** Task to carry out **
For this exercise, write out only the lines of the entries below from the one with "scary teeth face mask Pillow by PIIZ" up to and including the one with "Sex Toys Metal", exactly as they are. Pictures stay out.

** Working data **
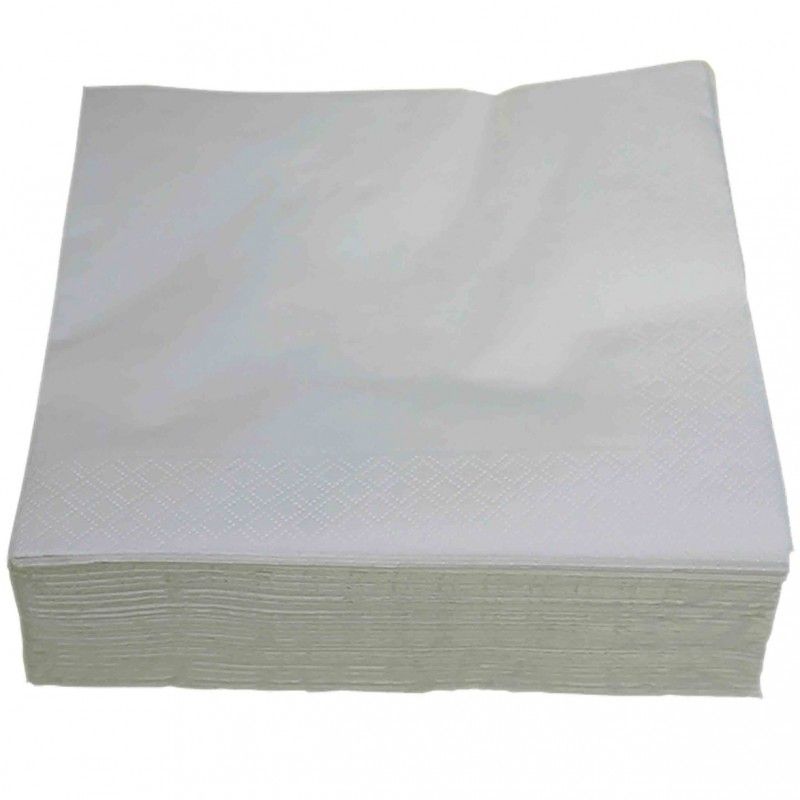 Serviette pure ouate blanche 2 plis 38x38cm - Ct. de 1800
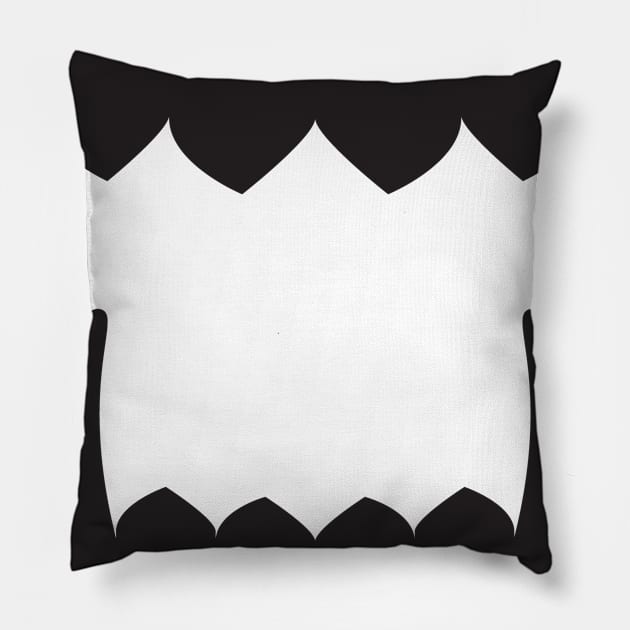 scary teeth face mask Pillow by PIIZ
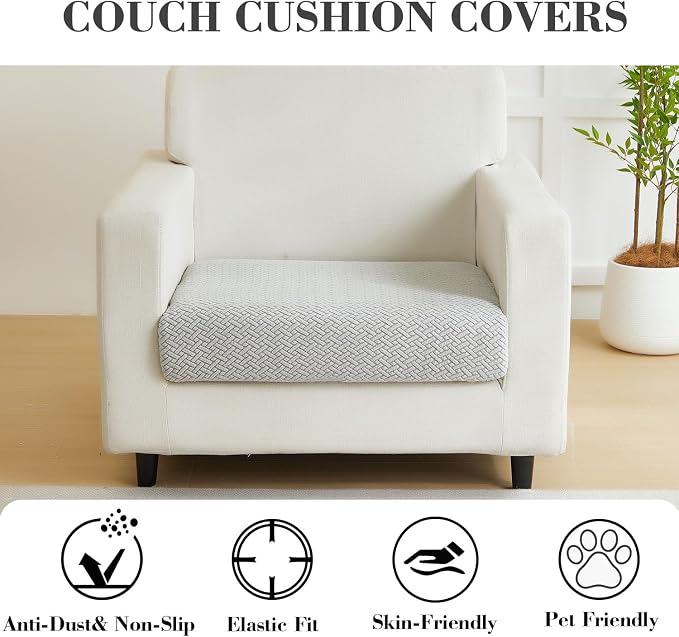Sofa Covers Couch Covers for Sofa Pet Friendly Couch Cushion Covers Universal - Image 3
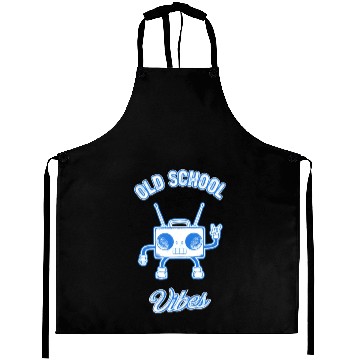 Discover Old School Vibes Retro Beat Box Music Aprons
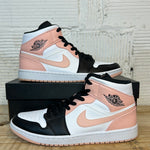 Air Jordan 1 Mid Arctic Orange Black Toe Sz 10.5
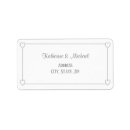 Search for silver heart return address labels Elegant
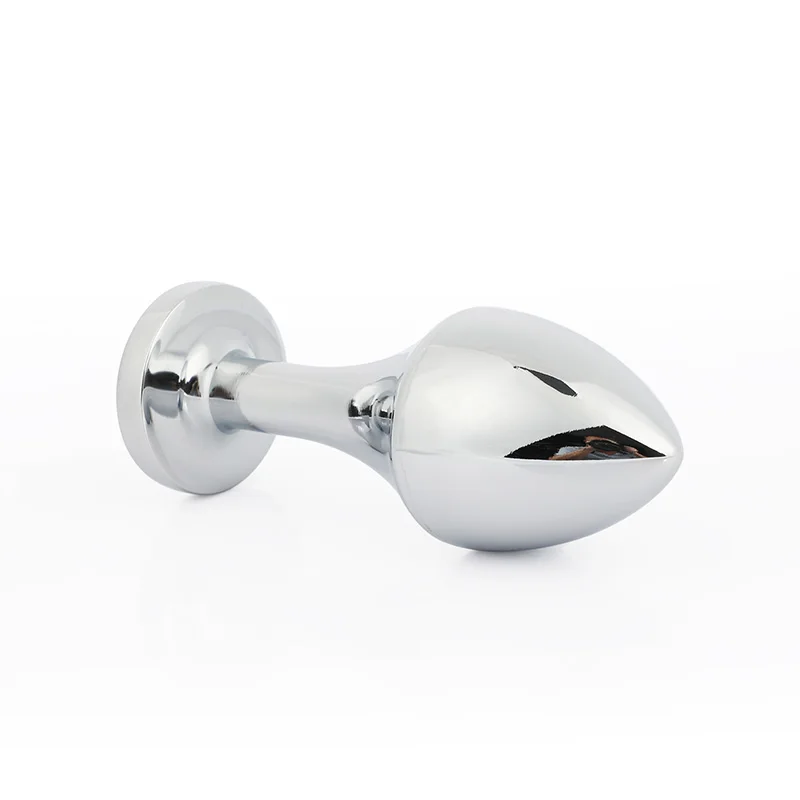 Sex Toys Metal Anal Beads Crystal Jewelry Butt Plug Prostate Open Stimulator Dildo Stainless Steel For Woman Couples | Красота и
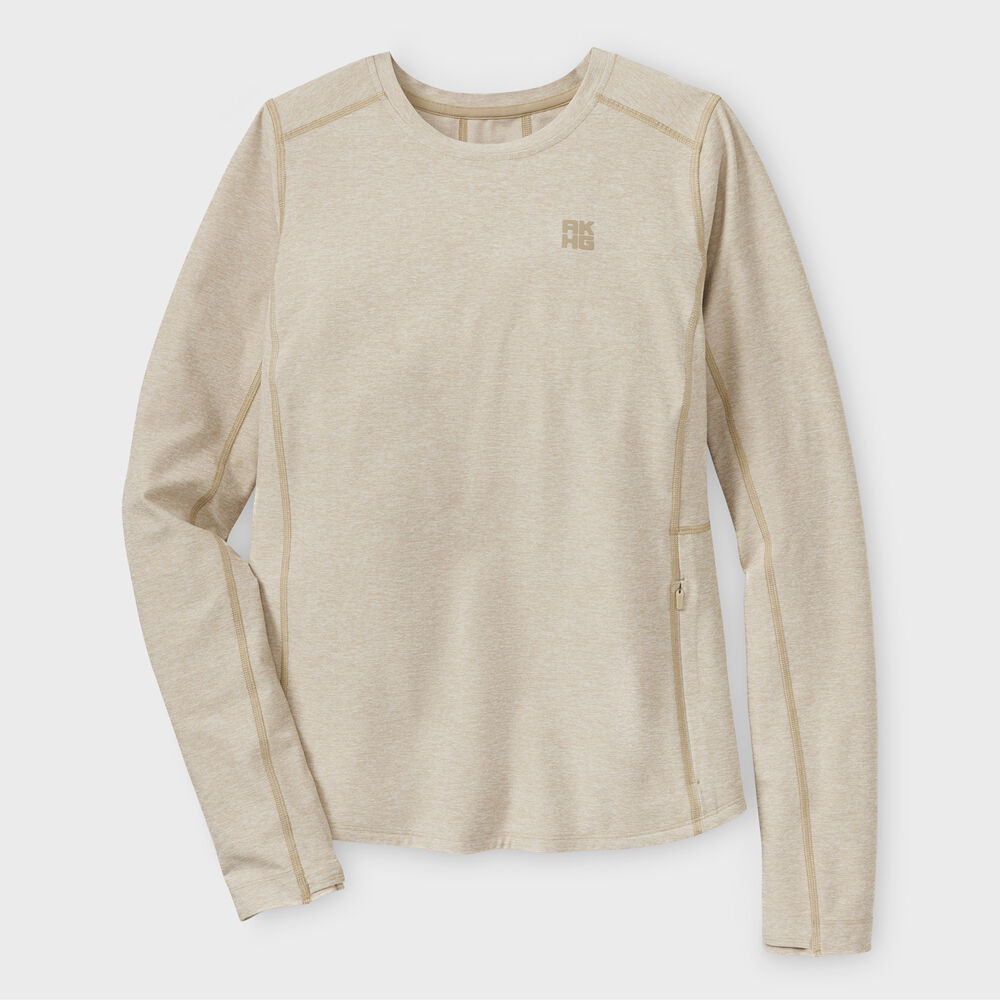 Women's AKHG Meltwater Long Sleeve Crew Shirt Main Image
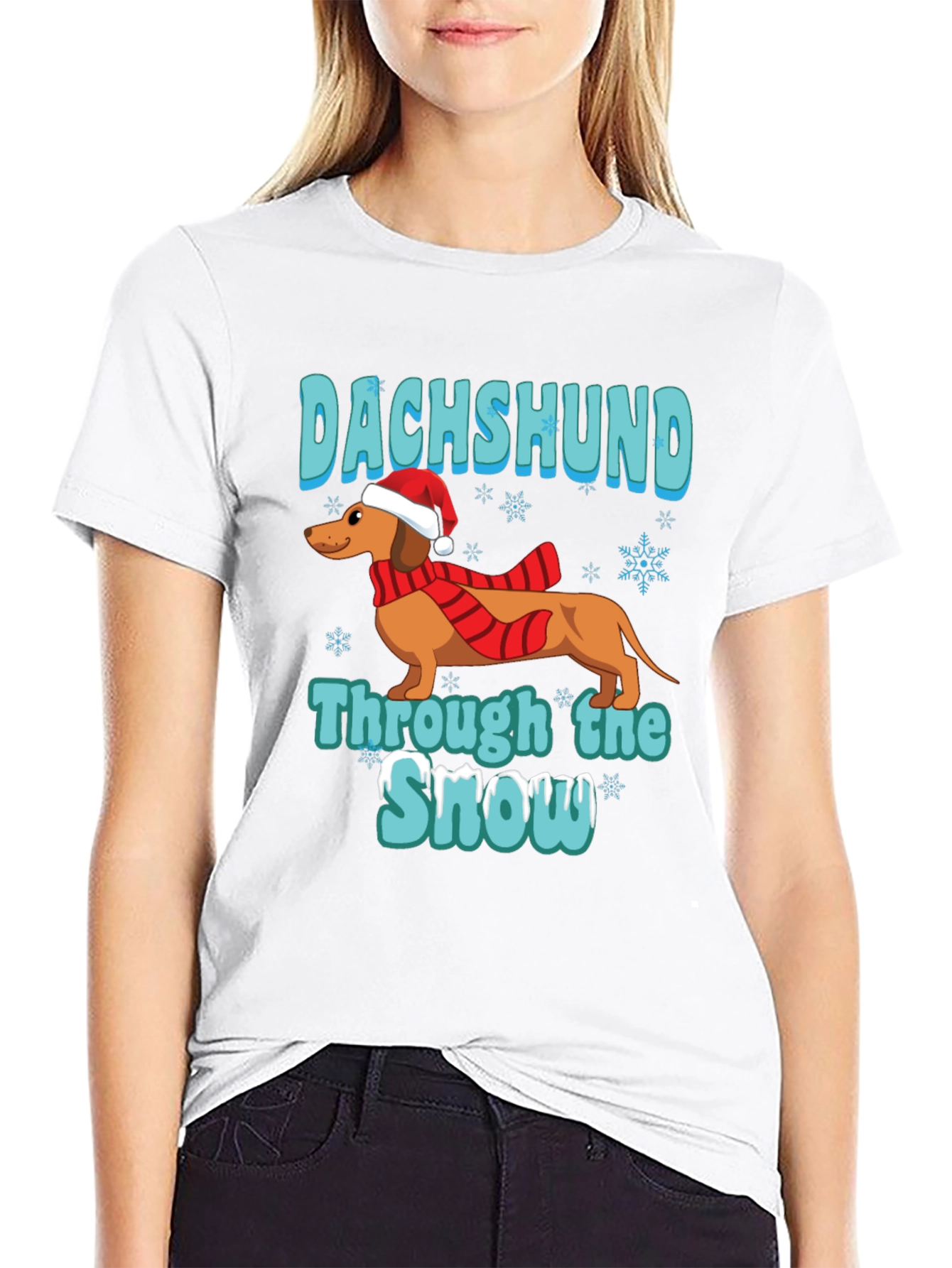 Dachshund Through the Snow T-Shirt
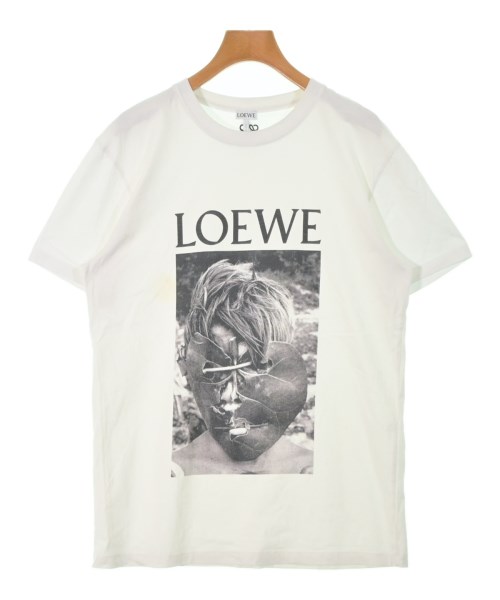 LOEWE（ロエベ）Tシャツ・カットソー 白 サイズ:S レディース/2200653411088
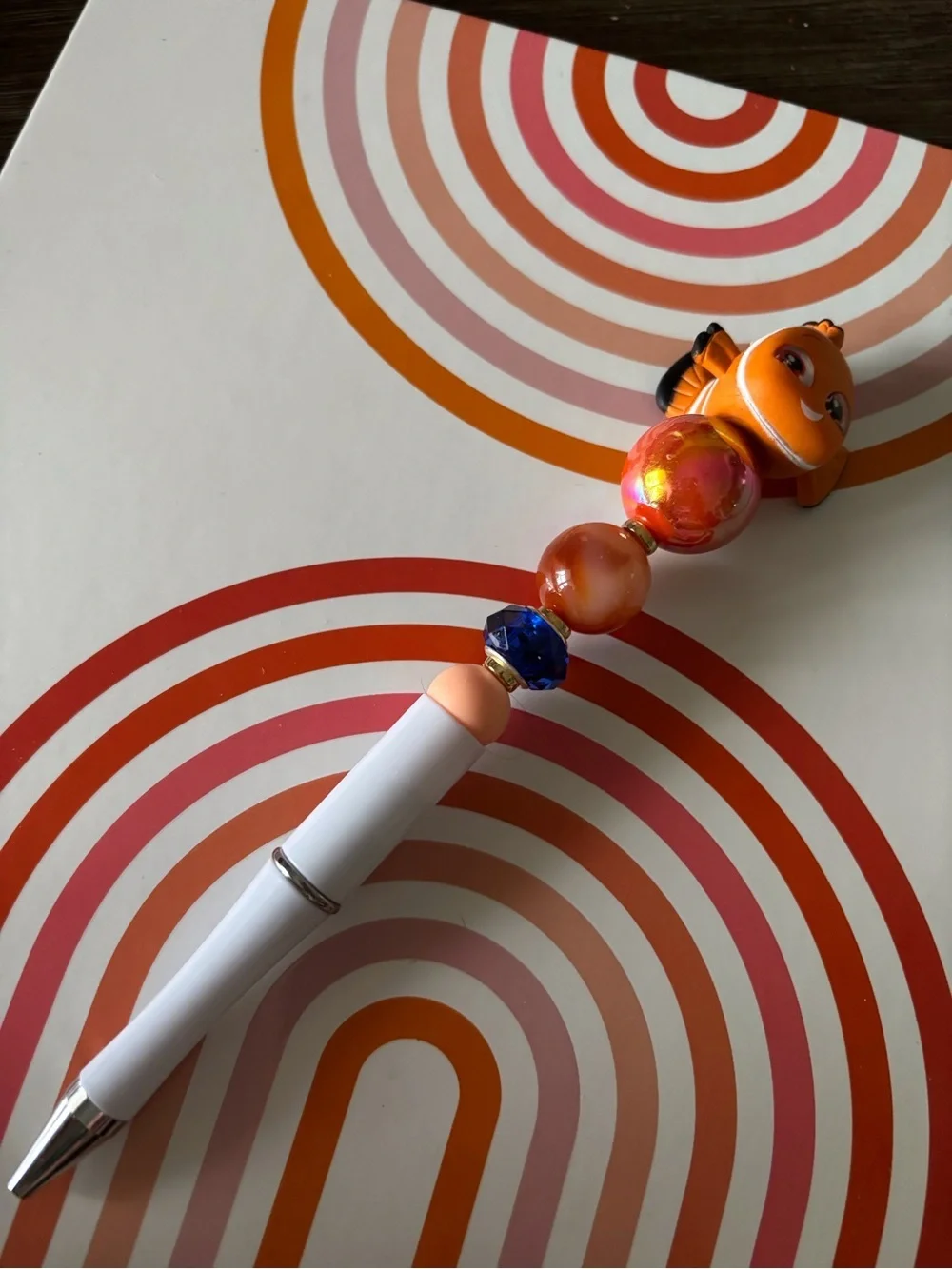 Disney Doorables: Finding Nemo: Nemo handmade beaded pen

** Solution **
 scary teeth face mask Pillow by PIIZ
Sofa Covers Couch Covers for Sofa Pet Friendly Couch Cushion Covers Universal - Image 3
 Discover Old School Vibes Retro Beat Box Music Aprons
 Air Jordan 1 Mid Arctic Orange Black Toe Sz 10.5
 Search for silver heart return address labels Elegant
 Sex Toys Metal Anal Beads Crystal Jewelry Butt Plug Prostate Open Stimulator Dildo Stainless Steel For Woman Couples | Красота и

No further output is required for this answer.